- **Records to use**:
____

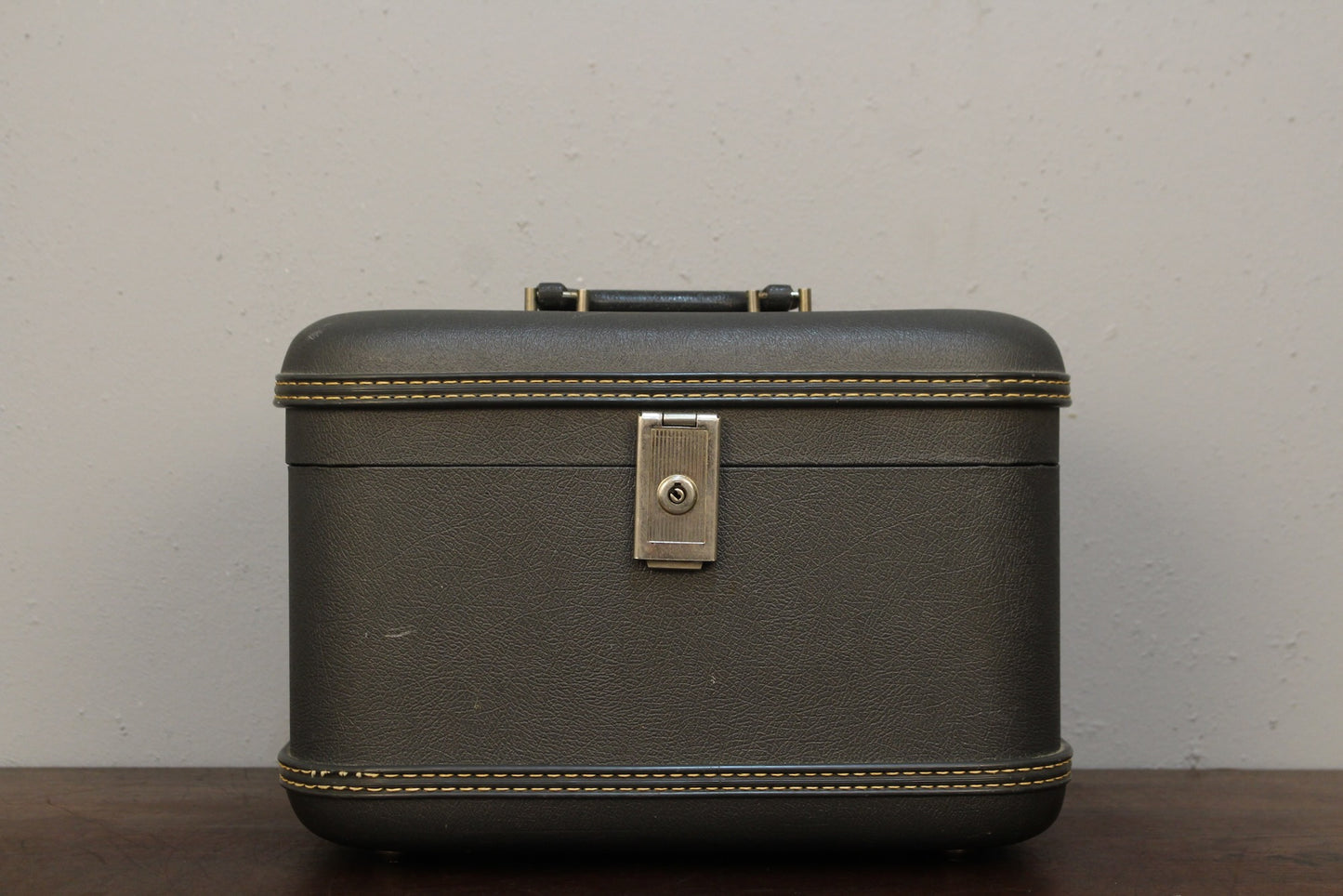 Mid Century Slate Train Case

____

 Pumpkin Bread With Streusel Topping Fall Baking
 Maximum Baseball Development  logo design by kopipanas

____

- **What the task asks**: All that belongs in your answer is the stretch of entries above from the line with "Pumpkin Bread With" through the line with "Maximum Baseball Development", printed exactly.

- **Exercise solution**:
 Pumpkin Bread With Streusel Topping Fall Baking
 Maximum Baseball Development  logo design by kopipanas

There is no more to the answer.